We will avoid talking about the engineering aspects and try to focus on the research side of the problem.

ghcpipe

Float supports FloatX4, a vector data type

Double supports DoubleX2, a vector data type

The user-level API

 -- constructors
packFloatX4#      :: (# Float#, Float#, Float#, Float# #) -> FloatX4#
broadcastFloatX4# :: Float# -> FloatX4#
 -- destructors
unpackFloatX4# :: FloatX4# (# Float#, Float#, Float#, Float# #)
 -- operations
plusFloatX4#   :: FloatX4# -> FloatX4# -> FloatX4#
minusFloatX4#  :: FloatX4# -> FloatX4# -> FloatX4#
timesFloatX4#  :: FloatX4# -> FloatX4# -> FloatX4#
divideFloatX4# :: FloatX4# -> FloatX4# -> FloatX4#

SSE as well as AVX support

Example : Vectorizing dot product

This spoils the declarative nature of Haskell!

Lift-Vector

Polymorphic SIMD functions for vector programming

Lift-vector provides two interfaces

  • Data.Primitive
  • Data.Operations

Data.Primitive

class (Num v, Real (Elem v)) => SIMDVector v where
    type Elem v

    type ElemTuple v

    nullVector       :: v
    vectorSize       :: v -> Int
    elementSize      :: v -> Int
    broadcastVector  :: Elem v -> v
    mapVector        :: (Elem v -> Elem v) -> v -> v
    zipVector        :: (Elem v -> Elem v -> Elem v) -> v -> v -> v
    foldVector       :: (Elem v -> Elem v -> Elem v) -> v -> Elem v
    sumVector        :: v -> Elem v
    packVector       :: ElemTuple v -> v
    unpackVector     :: v -> ElemTuple v

Data.Operations

class (Num a, Num b) =>
      ArithVector t a b
  where
  -- | The folding function should be commutative.
  fold :: (a -> a -> a) -> (b -> b -> b) -> b -> t b -> b
  zipVec ::
       (a -> a -> a) -> (b -> b -> b) -> t b -> t b -> t b
  fmap  :: (a -> a) -> (b -> b) -> t b -> t b
  -- | Work efficient Blelloch Scan
  scanb :: (a -> a -> a) -> (b -> b -> b) -> b -> t b -> t b

Vectorised Containers

  • Vector Lists
  • Vector Arrays (Shape polymorphic)

Vector Lists

newtype VecList a = VecList [a]

A wrapper over plain lists

Vector Arrays

Wrappers around unboxed vectors.

unboxed


import qualified Data.Vector.Unboxed as U

data VecArray sh a = VecArray !sh (U.Vector a)
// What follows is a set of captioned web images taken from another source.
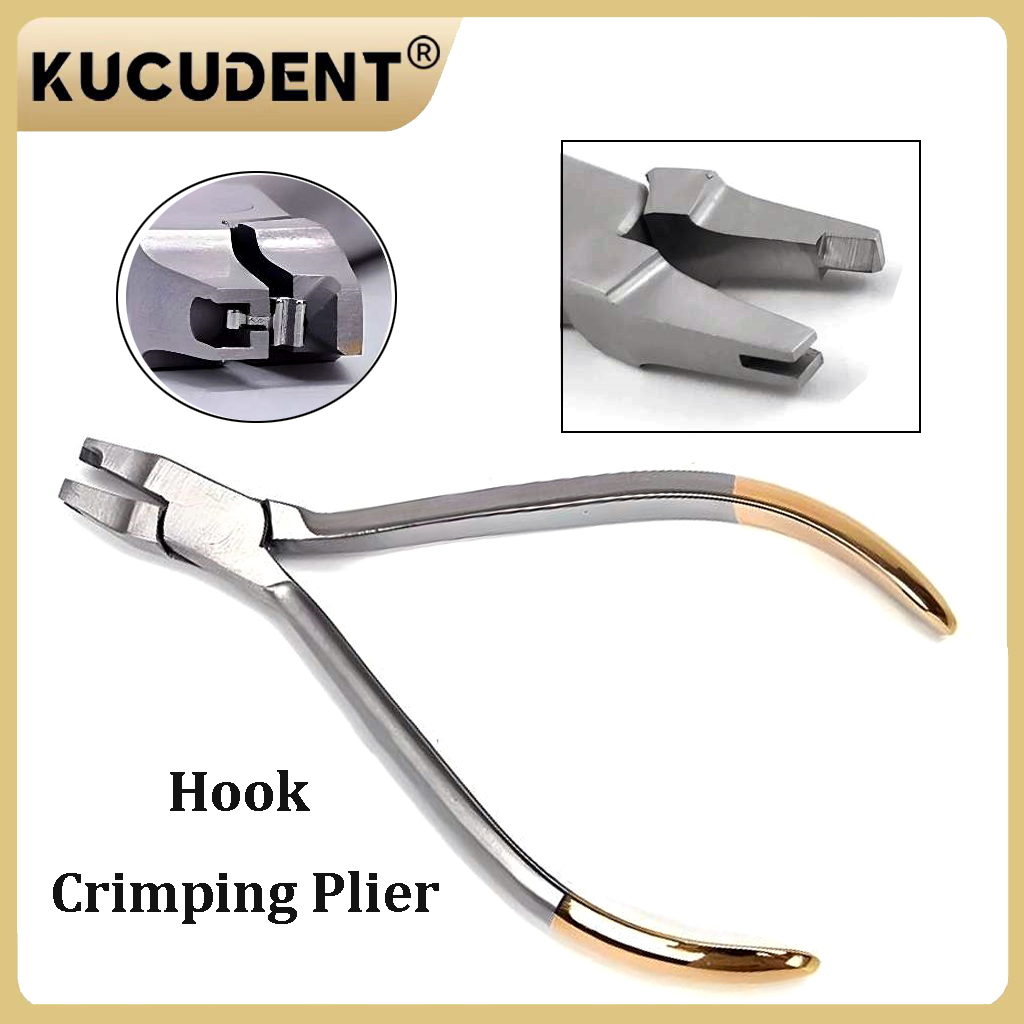 KUCUDENT-Alicates de colocació - Fishing Pliers reseña y precio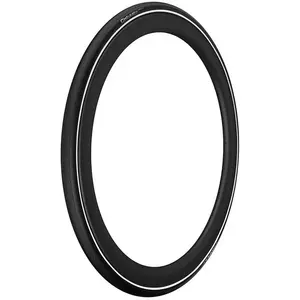 Comparateur de prix : Pneu Pirelli Cinturato Velo Tubeless Ready Reflective noir - 700x32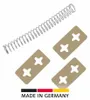 WESTMARK Ersatzteil-Set 4-tlg. zu Kirschenentkerner Anteprima dell’immagine prodotto 9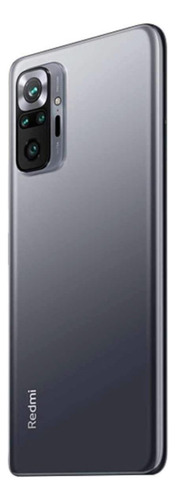 Xiaomi Redmi Note 10s 128gb Gris Reacondicionado Gris Claro (Reacondicionado)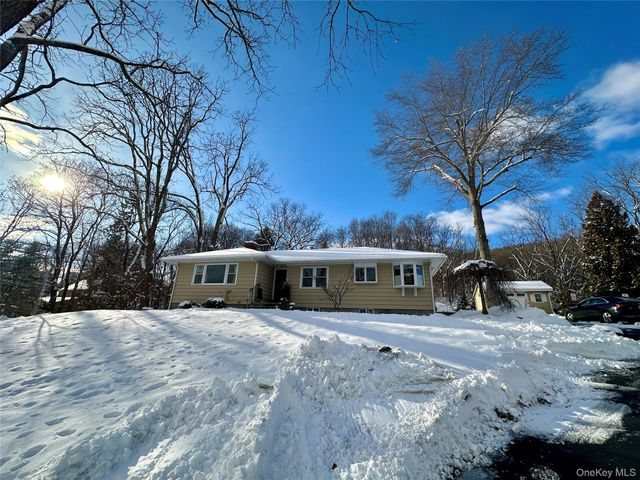 11 Talmadge Court 1, Monroe, NY 10950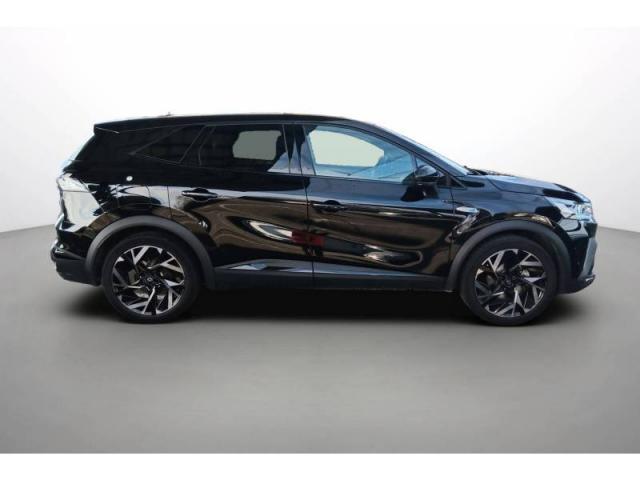 Renault Symbioz image 2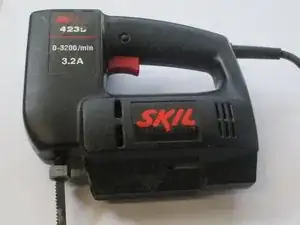 SKIL 4235 Jigsaw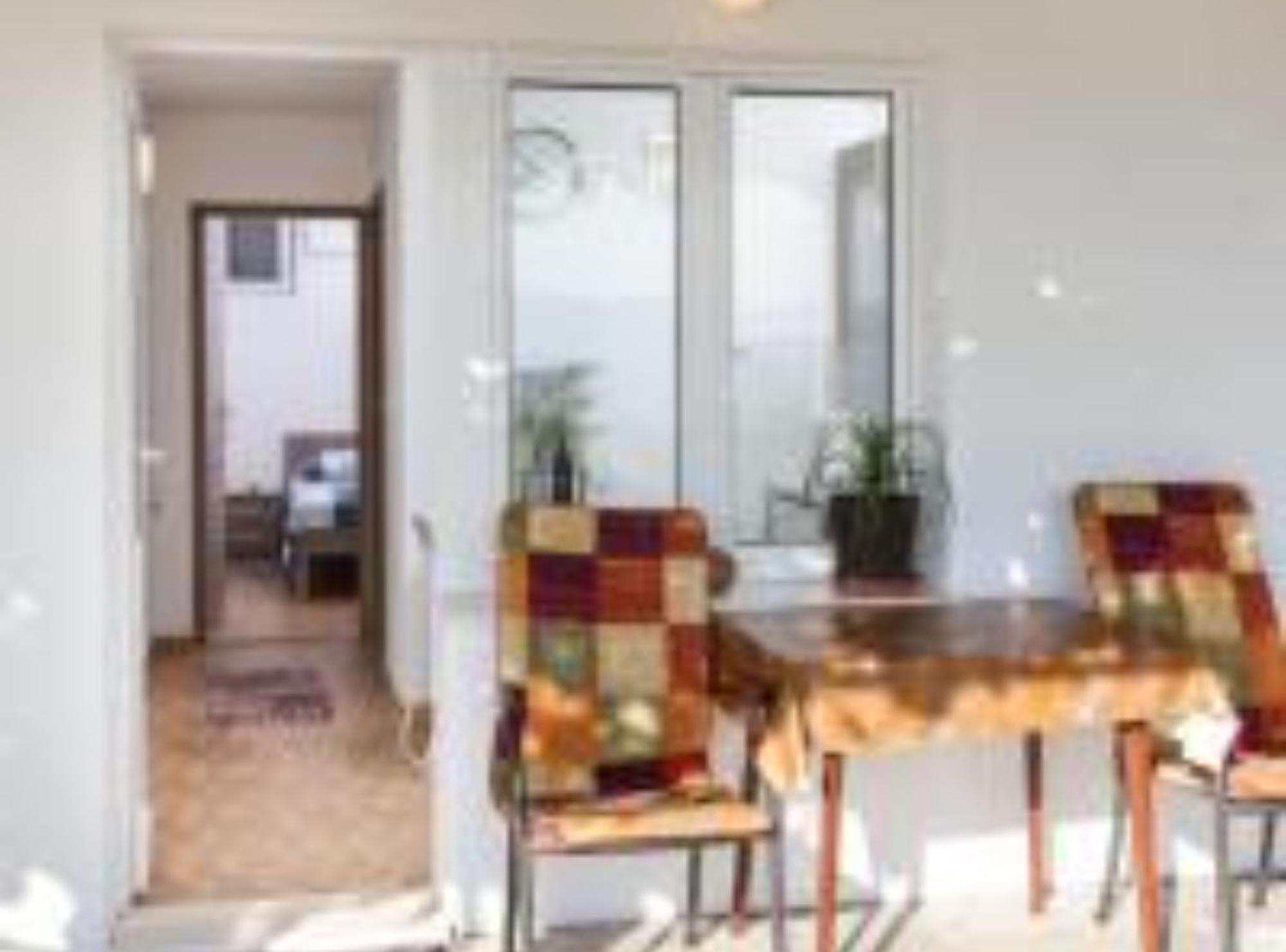 Apartments Stipo Драче Экстерьер фото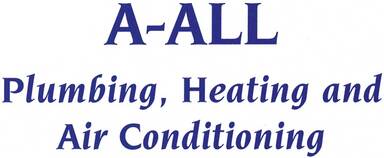 A - All Plumbing, Heating, & Air Conditioning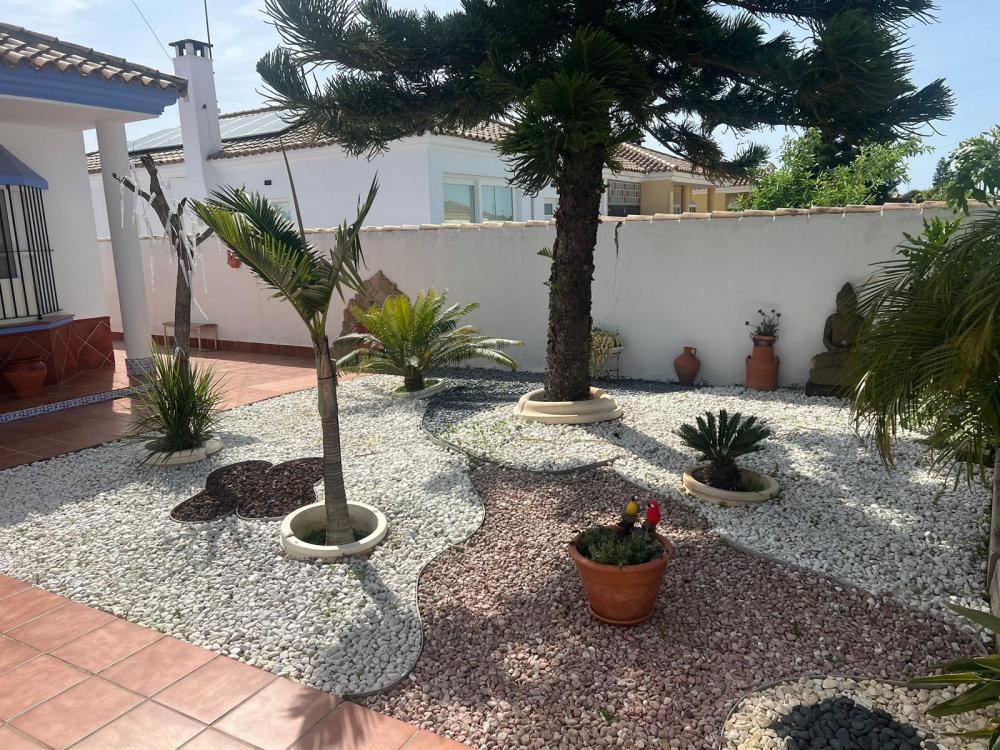  kaufen Villa Chiclana De La Frontera Bahía De Cádiz 28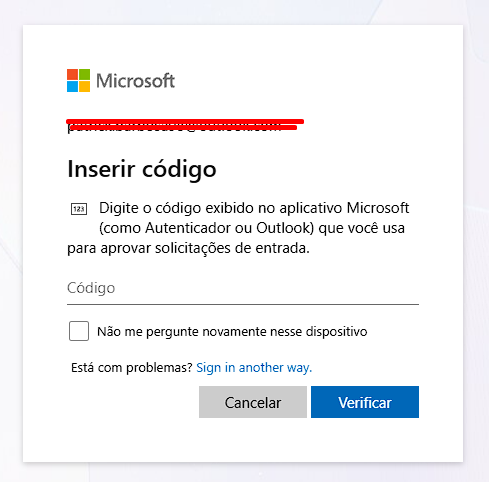 Imagem do usuário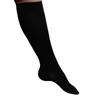 Medical Compression Socks Night Cotton Blend Material for Both Feet M Size Dr.Feel - Skin-friendly - Toe-capped, (1 Pair)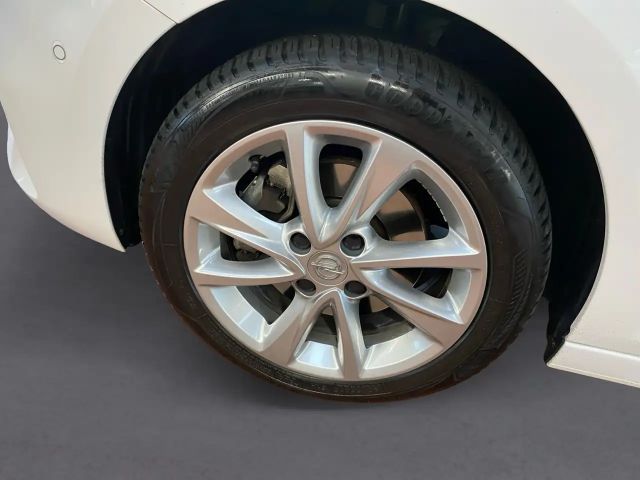 Opel Corsa 1.2 Turbo Elegance Turbo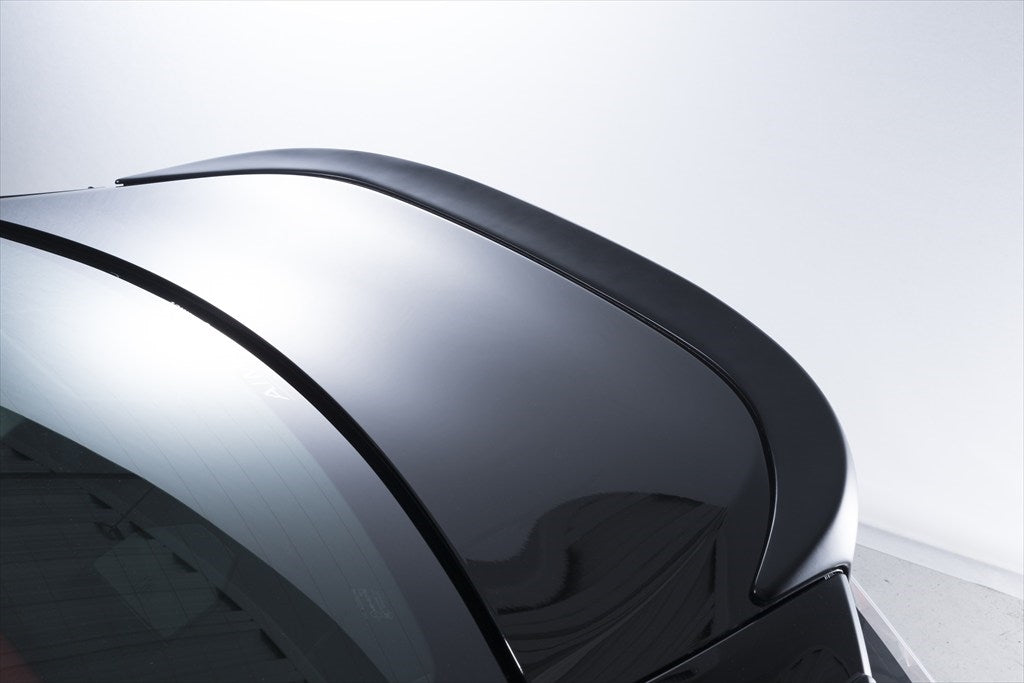 AIMGAIN - Trunk Spoiler - Scion FRS-GT86 12-15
What does dot product look like with the parallel operators?

Vector Lists

dotVec :: [Float] -> [Float] -> Float
dotVec xs ys =
  fold (\x y -> x + y :: FloatX4) (\x y -> x + y :: Float) 0 $
  zipVec
    (\x y -> x * y :: FloatX4)
    (\x y -> x * y :: Float)
    (toVecList xs)
    (toVecList ys)

Vector Arrays

dotVec' :: [Float] -> [Float] -> Float
dotVec' xs ys
 = let l1 = length xs
       l2 = length ys
    in fold (\x y -> x + y :: FloatX4) (\x y -> x + y :: Float) 0 $
       zipVec
        (\x y -> x * y :: FloatX4)
        (\x y -> x * y :: Float)
        (toVecArray (Z :. l1) xs)
        (toVecArray (Z :. l2) ys)

How are the Data.Operations operators implemented?

ZIP

zip

MAP

map

FOLD

fold

SCAN

scan or prefix sum looks like an inherently sequential operation

> scanl (+) 0 [1, 2, 3, 4, 5, 6, 7, 8]
> [0,1,3,6,10,15,21,28,36]

Lift-vector supports a work efficient parallel scan

BLELLOCH SCAN

UPSWEEP

upsweep

DOWNSWEEP

downsweep

Benchmarks

Good benchmarks

Heavy reads and less write

Pearson Correlation Coefficient

coeff

pearson

Bad benchmarks

Heavy writes

Eg: Matrix Multiplication

mmult

Lift Vector

https://github.com/Abhiroop/lift-vector

DISADVANTAGES OF LIFT-VECTOR

  • Leaky abstraction
  • Supports just flat and regular data parallelism
  • No focus on optimizing memory layout
  • Number of rewrite opportunities missed
  • ...

EXAMPLE

import qualified Data.Operations as Op

foo :: Float -> Float
foo x = x*x + 1

foo' :: [Float] -> [Float]
foo' xs =
  Op.fromVecList $
  Op.fmap (\x -> x + 1 :: Float) (\x -> x + 1 :: FloatX4) $ 
  Op.fmap (\x -> x * x :: Float) (\x -> x * x :: FloatX4) $
  Op.toVecList xs

Any calls to map foo should be replaced by foo'

Now,

bar :: [Float] -> [Float]
bar xs = map foo xs

bar :: [Float] -> [Float]
bar = foo'

bar' :: [[Float]] -> [[Float]]
bar' xss = ???

NESTED DATA PARALLELISM

Blelloch's solution

Flatten all levels of nesting

concat   :: (ArithVector t) => t (t a) -> t a
unconcat :: (ArithVector t) => t (t a) -> t b -> t (t b)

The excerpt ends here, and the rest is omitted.